2.4. Lithium-Ion Battery Evaluation

All synthesized CaTiSiO₅ powders for each treatment were evaluated as modified PP separators for CR 2032 lithium-ion button cell batteries. The milled materials were mixed with a PVDF binder and NMP (1:4:1 w/w/w) to form a coating ink, which was deposited on the PP separators using blade coating, resulting in a 15 µm thick layer. Lithium foil served as the anode, and a blend of LiFePO₄, Super P^® Li, and PVDF binder (8:1:1 w/w/w) was used as the cathode. Finally, the half-cells were assembled in an argon-filled glove box (O₂ and H₂O < 0.5 PPM).

The thermal behavior was assessed using thermogravimetric analysis (TGA) with non-isothermal measurements from 15 to 600 °C, using an analyzer (TA Instrument^® Q500, Waters Corporation, New Castle, DE, USA) with N₂ as the carrier gas (40 mL/min) and a heating rate of 20 °C min⁻¹. Differential scanning calorimetry (DSC) analysis was performed from 0 to 190 °C with a step of 5 °C min⁻¹ under Ar conditions using an analyzer (TA Instruments, Q2000, Waters Corporation, New Castle, DE, USA). Samples (~4 mg) were deposited on an aluminum sample holder and sealed hermetically.
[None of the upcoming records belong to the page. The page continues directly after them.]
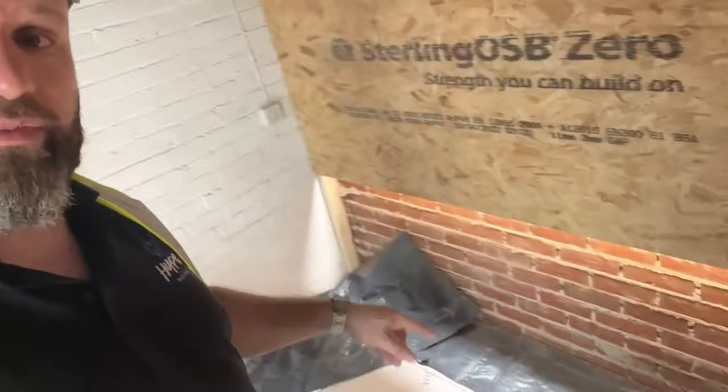I've always had to put a fire door in before, but not on this one — so that's going to save the client a bit of money, which is always good.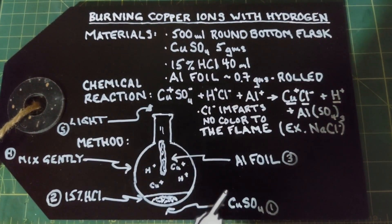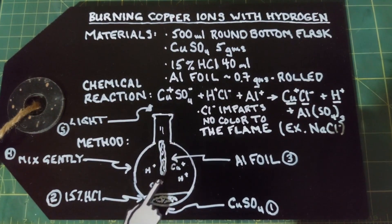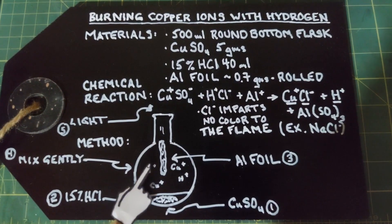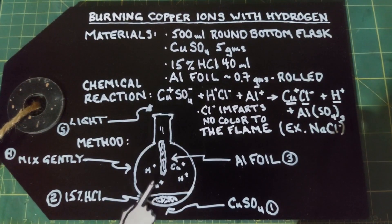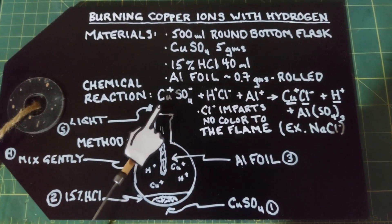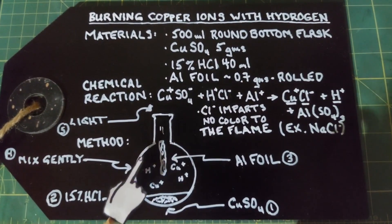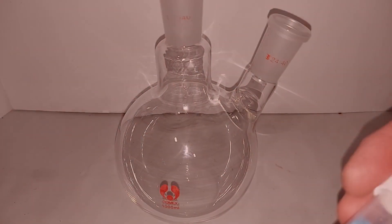The method is really straightforward: put in your five grams of copper sulfate, pour in your 40 milliliters of hydrochloric acid, swish it around gently to get the reaction going, then drop your aluminum foil in, which will release the hydrogen. Swirl it gently and as this all gets mixed together you're going to end up with copper and hydrogen in the surrounding area. Light it with a flame and it may go in and gently burn or burn off the top — either way you get a really pretty, unique blue-green flame that sort of wafts about.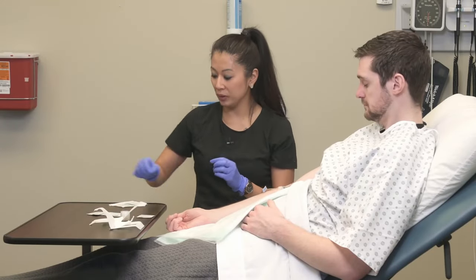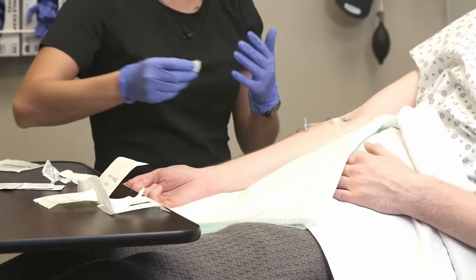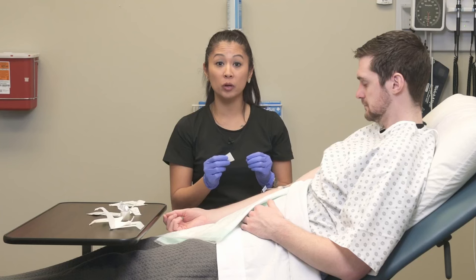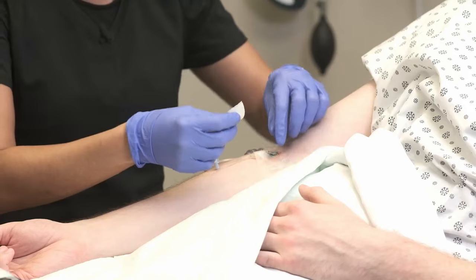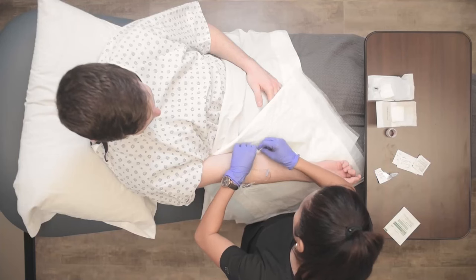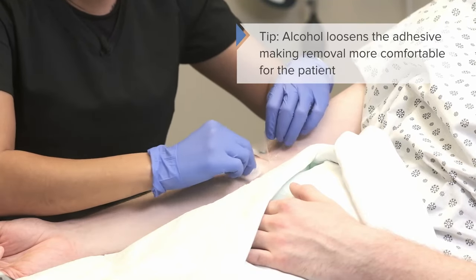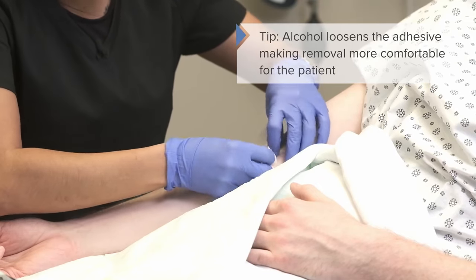Now I'm going to take an alcohol pad. Everybody's a little different, but I like to use an alcohol pad just to loosen up the sides and the tape. Your facility may also have an adhesive remover that looks a lot like these alcohol pads, and you can use that too. We're going to pick a side and slowly start peeling back the corners. The alcohol loosens the adhesive and makes it a little less painful for the patient.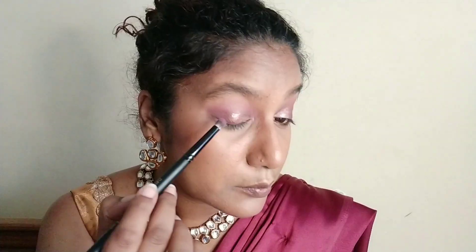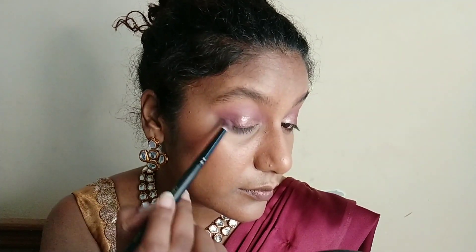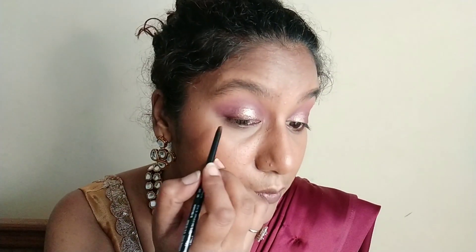Once that's done I'm going to take the liquid eyeshadow from Swiss Beauty and place it above the shimmer shade I've used. Then I'm going to deepen my outer V again with the same color and brush. After that I'm going to take a brown kajal, make an eyeliner with it, and smudge it with the same E007 brush.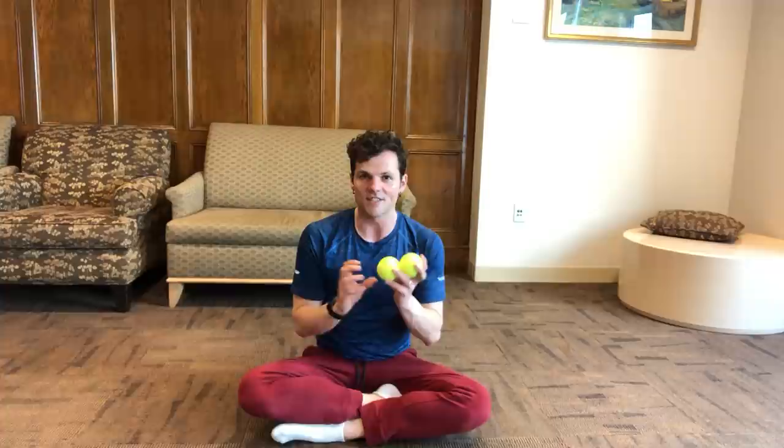You always take one of them for foot rolling — watch my foot rolling video if you don't know what I'm talking about — or you can use it for any manual work whenever you feel it's too hard to put your full body weight onto a foam roller. You can use a single ball pretty much anywhere on the body.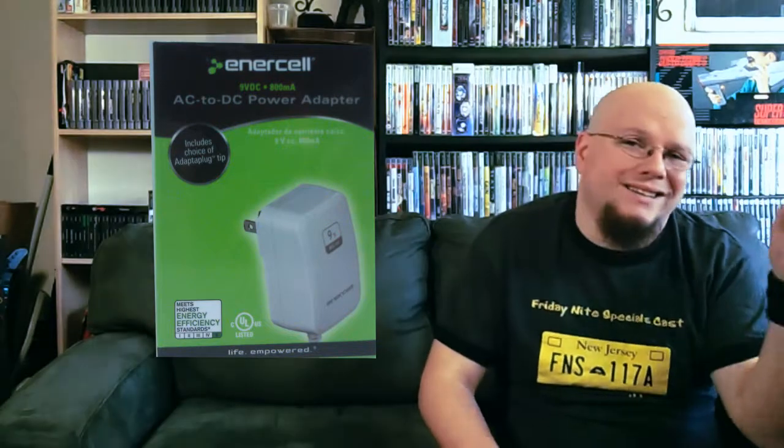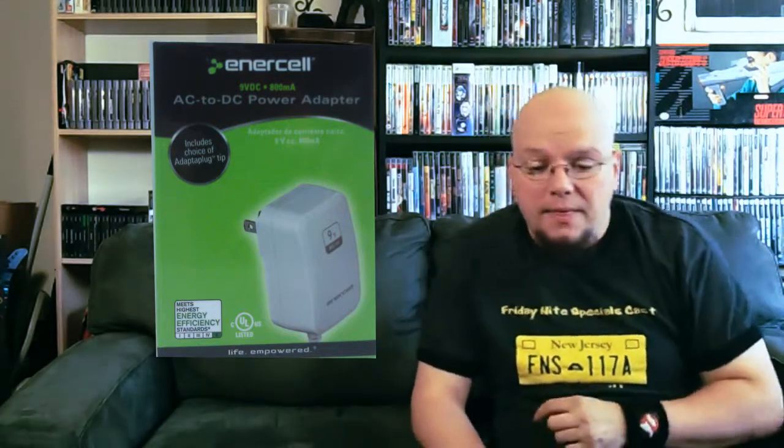So I went to Radio Shack because I work there, and I picked up part number 273-355. That is an InnerCell 9V 800mA power adapter. It is close enough to the 2600 and the 2600 Junior without blowing it up, so it is fine.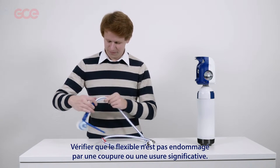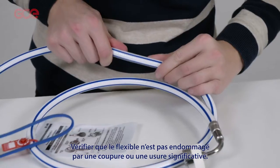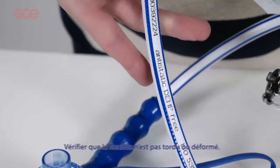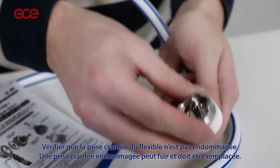Check the hose has no damage to its outer cover, such as cuts or significant abrasions. Check the hose is not kinked or misshapen. Check the metal probe connector of the hose is not damaged or worn.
The crystallinity (x_c) was calculated using the equation: x_c = (ΔH_m/(1 − φ)ΔH_m⁰)·100, where ΔH_m is the nanocomposite melting enthalpy, φ is the weight percentage of the nanocomposite, and ΔHm⁰ is the melting enthalpy of crystalline PP (204 J g⁻¹) [30,31]. Here, x_c represents the degree of crystallinity of the composite separator. Thermal shrinkage was tested by placing separators between the glass and a heating plate at temperatures ranging from 25 °C to 300 °C. Dimensional changes were measured using the following equation [32]: Thermal shrinkage (%) = (A_i − A_f)/A_i × 100, where A_i and A_f are the initial and final areas, respectively.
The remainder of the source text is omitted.